Another knock at the door seemed to confirm this.
“We can pretend we’re not here,” Millie whispered, but it was far too late for that. “Or I can answer it and say you’re in the shower getting ready.” I shot her a dark look. Feeling modest about my own body would not stop my mother from storming into the bathroom. “Or having a shit?”
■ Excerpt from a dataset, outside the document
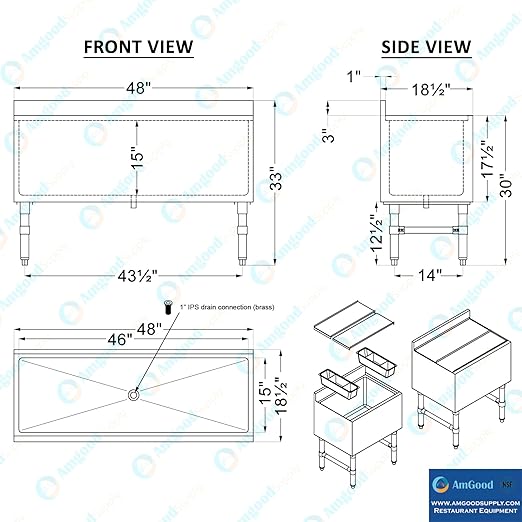 AmGood 18.5 in. x 48 in. Underbar Ice Bin with Sliding Lid | NSF | Stainless Steel Ice Chest with Sliding Lid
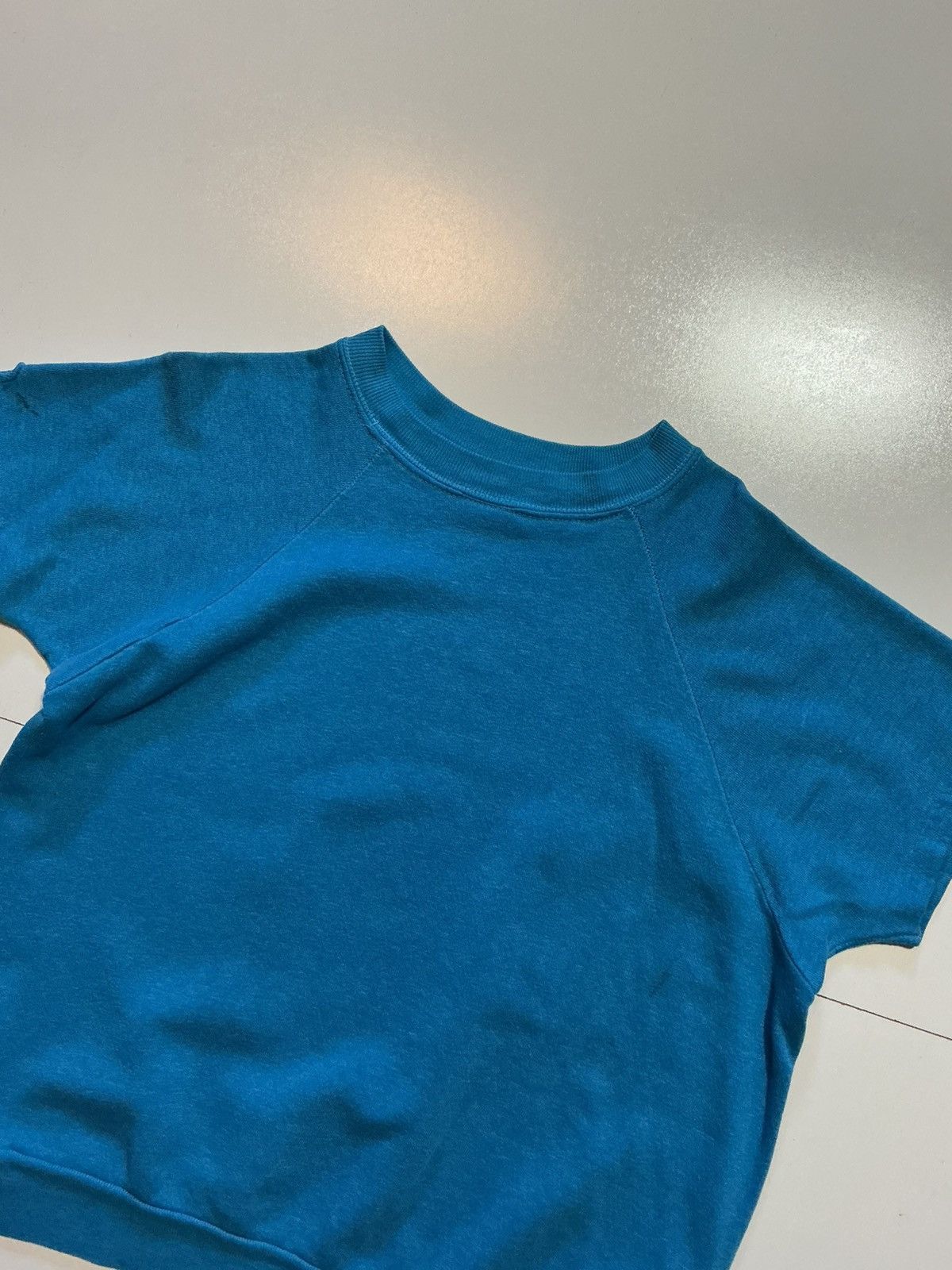 Vintage Vintage 70s 80s Short Sleeve Blue Blank Pullover Sweatshirt Size US S / EU 44-46 / 1 - 3 Thumbnail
Nope. I squared my shoulders, remembering how I’d felt when I hung up. Upset, confused, stressed but also relieved. I’d established boundaries, even if it was just the once, and that meant I could do it again. I strode over to the front door, jerking it open to find it wasn’t my family standing there.
Just Brock.
The way the skin around his eyes was creased in a half squint was all too familiar. It was the look he wore when he knew shit was going down and rather than lose it, he’d deal with it calmly. I was the shit going down. My feet shuffled against the floor, and then I stood tall, taking him in. Not in his usual uniform of old, worn jeans and a flannel shirt, he wore a pair of freaking slacks and a nice button-up shirt, the white in contrast to his deeply tanned skin.
“Looking good, brother.” Millie looked him up and down. “What’s the occasion?”
“I got a call from a Majorie Kingston on the garage emergency line last night,” he said. My cheeks reddened, getting hotter by the second. “She had an emergency, just not a mechanical one. Apparently she thought I was some prick who refused to commit to her amazing daughter.”